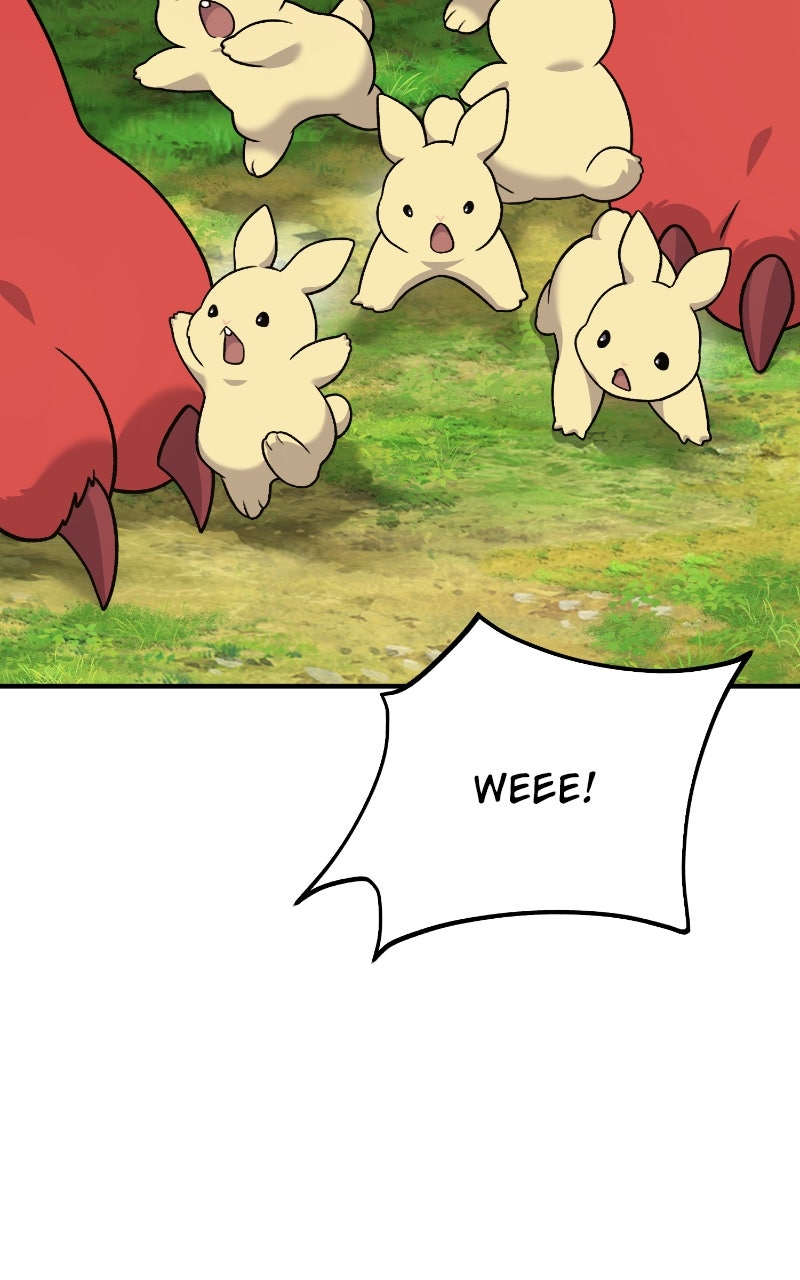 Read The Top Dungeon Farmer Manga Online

□ □ □ □ □

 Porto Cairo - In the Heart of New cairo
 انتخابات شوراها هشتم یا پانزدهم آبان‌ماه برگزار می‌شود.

□ □ □ □ □

§ **Your instructions**
In the listing above, locate the line containing "Porto Cairo - In the Heart of New cairo" and the line containing "انتخابات شوراها هشتم", then transcribe both and every line between them verbatim.

§ **Response**
 Porto Cairo - In the Heart of New cairo
 انتخابات شوراها هشتم یا پانزدهم آبان‌ماه برگزار می‌شود.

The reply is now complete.